Natasha, Pierre, and the Great Comet of 1812 is a musical based on a 70 page section of War & Peace that was written by mad genius and man-who-is-definitely-a-bear-magicked-to-look-like-a-man Dave Malloy. It’s a wondrous, eclectic, maddening, and beautiful work of art that I would never have seen if my friends hadn’t become obsessed with it and invited me along to New York with them over one weekend in the summer to see it. I am, as I often am when these things happen, so glad that I said yes.

I’d heard the music for the show from proximity with the people who loved it, and I thought it was fine. Interesting. Exposition-y. There are lyrics that appear to be stage directions, and after seeing it I learned that there are also stage directions that appear to be lyrics. The action is set in 19th century Russia (we write letters, we write letters), but it maintains a 21st century storytelling sensibility and draws from the full history of music and spectacle. I don’t want to spoil everything, lest you might some day be able to see it for yourself, but I do need to tell you that there’s an 80s techno party breakdown in the middle that I was not expecting and it TOOK MY BREATH AWAY. What can I say? I’m into the shiny, blinky shit.

Whatever you think this show is, it’s probably that and eight other things Malloy found in his pockets. And I love it. I mean, JUST LISTEN TO THIS.

Many of my friends love it, and we were all distraught when we heard that the broadway run was closing, leaving a pirogi and decadence shaped hole in our lives. So we did what any normal theater nerds would do when the fire was raining down, we threw a party! It was a costume party. We made souvenirs and listened to the show and sang along.

One of my favorite things about seeing the show live was the costumes. I’m a huge fan of both anachronism and context, so when the company members came into the cheap seats wearing 80s punk vests created by the costume designer I was taken with them immediately. Of course, when we decided to have a costume party I had to take the excuse to make a ridiculous 80s punk vest for myself.

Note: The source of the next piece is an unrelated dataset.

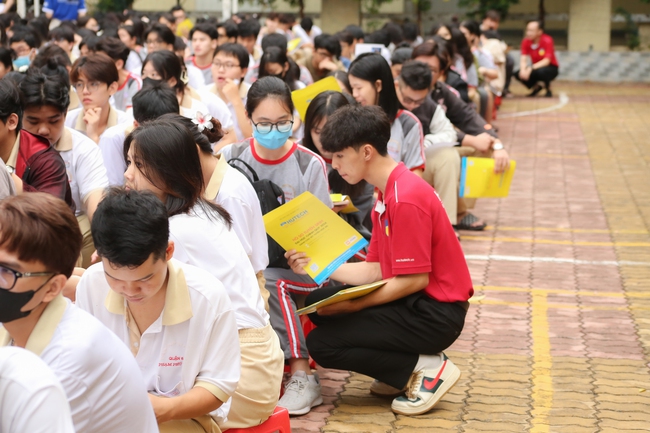 Đa dạng trường đào tạo ngành kinh tế tại TP.HCM, nhiều cơ hội cho thí sinh trong kỳ thi THPT- Ảnh 3.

I put this together by cutting the sleeves from a button up shirt and dissecting several t-shirts I no longer wear, but had been saving for a special occasion, most prominently an old Amanda Palmer shirt a say Say Anything 19th century style shirt that I’ve had for ages. I imagine the character who wears this vest is running from the ghosts of the abusive men she murdered. But hey, aren’t we all?